Embryo donation is an extremely safe procedure, with all embryos undergoing proper diagnostic screening prior to transfer. All donated embryos are frozen and quarantined for six months. They are also tested for infectious diseases, such as HIV and hepatitis. Genetic testing is also performed on all donated embryos to reduce the chances of genetic diseases or chromosomal defects.

After Your Find A Donor
After you find a donor, your embryo transfer can take place. Embryo transfer is usually performed in hospital or at your local fertility clinic. You will be given fertility drugs in order to help your endometrial lining to thicken and to prepare the rest of your body for pregnancy. Your reproductive endocrinologist will monitor you in order to pinpoint the best time for transfer. When your hormones are at the appropriate balance, your reproductive endocrinologist will transfer the donated embryos into your uterus using the frozen embryo transfer procedure. You will then be monitored for pregnancy.

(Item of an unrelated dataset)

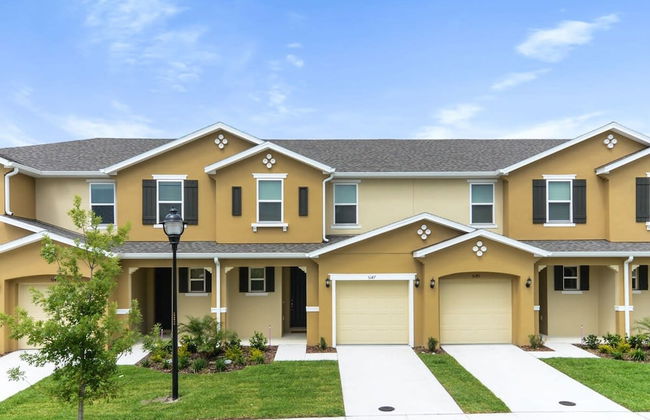 4 Bd Sleeps 10 w Gameroom Close to Disney 5147 - Foto 16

Legal Aspects of Embryo Donation
You may be worried about the legal aspects of embryo donation. It is important to check the laws in your state governing embryo donation. You want to make sure that your embryo donors have no legal rights to the embryo once it has been donated, or to any resulting children. Typically, embryo donors waive parental rights before a transfer takes place. You and your partner become the legal parents of the embryo once it is implanted.

Costs of Embryo Donation
Embryo donation is typically less expensive than other types of reproductive treatments. The embryo donor receives no payment for the embryo; however, you must pay the clinic or agency for storing the embryo, testing the embryo, and transferring the embryo into your uterus. These procedures can run upwards of $3,000 per transfer. Typically, no more than 2 embryos are transferred during each attempt.